1.You may not be best friends with the first person you meet.
The first person I met was a short girl with short blonde hair and big blue eyes. When she spoke to me I felt as if she were always moving in some way: bouncing on her toes, playing with her shirt, or motioning with her hands. Her smile grew wide and her eyes shone brightly as she spoke to me about her cat and all of her younger siblings. I couldn’t get a word in and that was perfectly fine with me.
After I met her and learned all about her home life, I hardly ever saw her on campus and when I did I was too scared to wave or say hello, so she’d just walk by me. Later in the year I found out that she was roommates with one of my more permanent friends. I was pretty excited until I realized that she didn’t remember or have any interest in rekindling a long forgotten possible friendship. We began to frequent each other’s lives after that realization, but somehow we have yet to become friends.

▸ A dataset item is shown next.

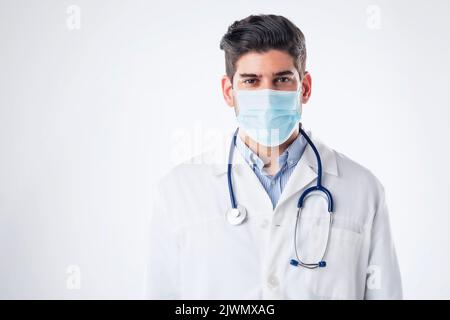 Porträt eines männlichen Arztes. Gesundheitsfachkraft trägt eine schützende Gesichtsmaske und steht auf einem isolierten weißen Hintergrund. Stockfoto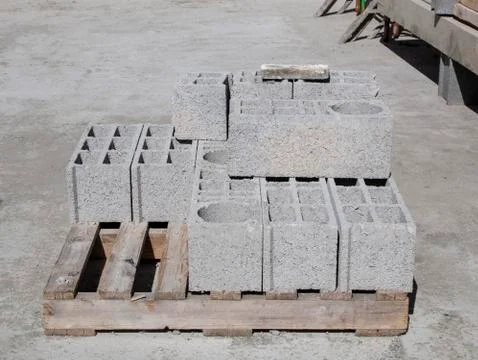 Foam blocks lie on pallets at the construction site Stock Photos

2. The people you hang out with in the beginning of the year may not be the people you hang out with in the end of the year.
When my freshman year started I had a few groups of people I really enjoyed hanging out with that I thought I’d stick with until graduation… even if I wasn’t always comfortable with them. But it didn’t work out that way—most of those people I barely even spoke to after our classes together ended or our mutual friends left.
I ended up hanging out with a group of people I didn’t think I would fit into when I first met them. They had all known each other before entering Calvin and liked to talk about things I was completely unaware of. They made me squirm in my seat. But somehow they became the people that would both embrace and challenge me for years to come, and I really appreciate them for that.
3. It’s not possible to be friends with every person you can tolerate.
Just trust me on this one. There are way too many people to try to hang out with and really get to know. If you’re the type of person who can do that and still get your work done go for it. I tip my hat to you. But for most of us trying to get to know a large amount of people can be draining and distract us from our school work.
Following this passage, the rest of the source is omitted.